KUALA LUMPUR, Malaysia — "Despacito" might be the most streamed song ever, but don't expect to hear it on the radio in Malaysia. 

The country has banned "Despacito" on state radio and television, though it might be hard to slow the song's record-breaking popularity.

The ban applies only to government-run radio and TV outlets, not to private stations or YouTube or the music streaming services fueling the song's success.

Communications Minister Salleh Said Keruak said Thursday the song was reviewed and banned because of public complaints that the lyrics are obscene.

Salleh told The Associated Press that a remix of the song featuring Justin Bieber isn't affected.

Salleh was also quoted by local media as saying private radio stations should censor the song themselves out of sensitivity to local culture.
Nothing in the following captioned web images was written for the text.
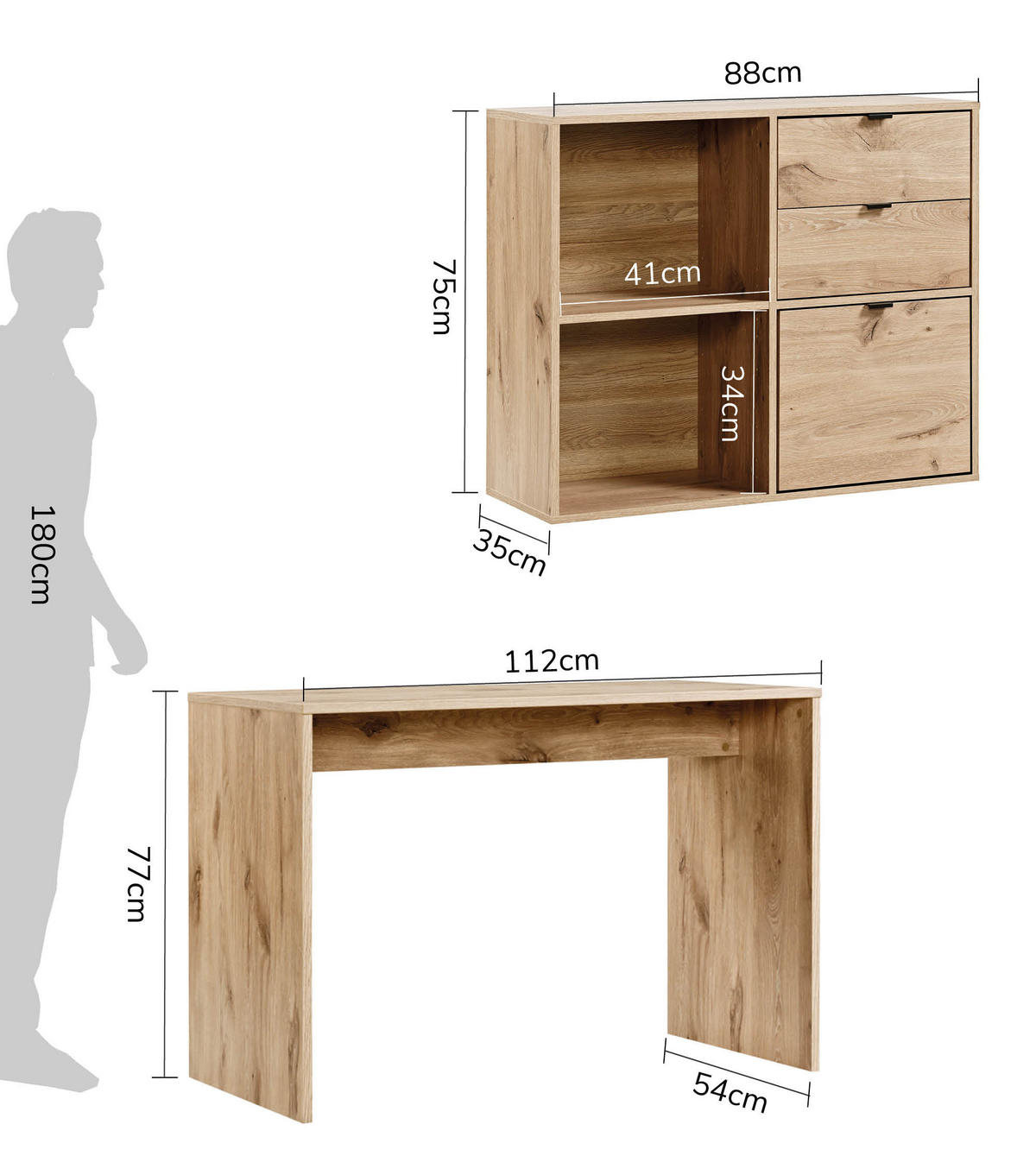SCHREIBTISCH Der Produktive - Eichefarben, Holzwerkstoff (54/112/77cm) - Mokebo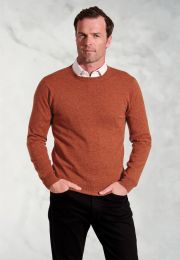 Burnt Orange Cashmere Crew Neck Jumper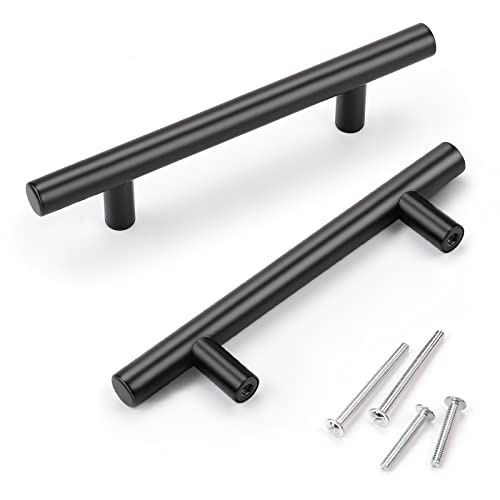 KNOBWELL 6 Pack 3-3/4" Black Drawer Pulls, T Bar Modern Kitchen Cupboard Handles Bathroom Cabinet Pulls, Round Black Handles 5-9/10 Inch Length - color: Black, size: 3 3/4inch(96mm)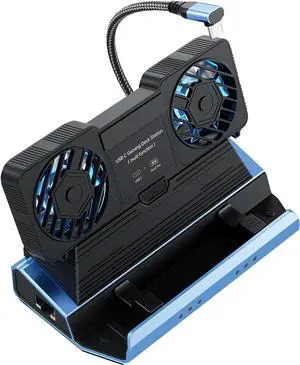 9 in 1 Portable Game Console Dock, Type C Gaming Hub with PD 100W Fast Charging HD 2.0 4K / 60Hz Dual Fans for Switch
An Islamic party, Amanah, earlier denounced the song and called for it to be kept off Malaysia's airwaves because many young children were singing it without understanding the words.

"We respect the right to be entertained but there should be clearer guidelines so that the entertainment does not spoil people but makes them better," party official Atriza Umar was quoted as saying by The Star newspaper.

The Spanish-language song — its title means "slowly" — was released by Puerto Rican artists Luis Fonsi and Daddy Yankee in January. The original and the remix featuring Bieber together are the most streamed track of all time with more than 4.6 billion plays across streaming platforms. The previous record was held by Bieber for his 2015 song "Sorry."

When the new record was announced earlier this week, Fonsi credited streaming for helping his music reach every corner of the planet.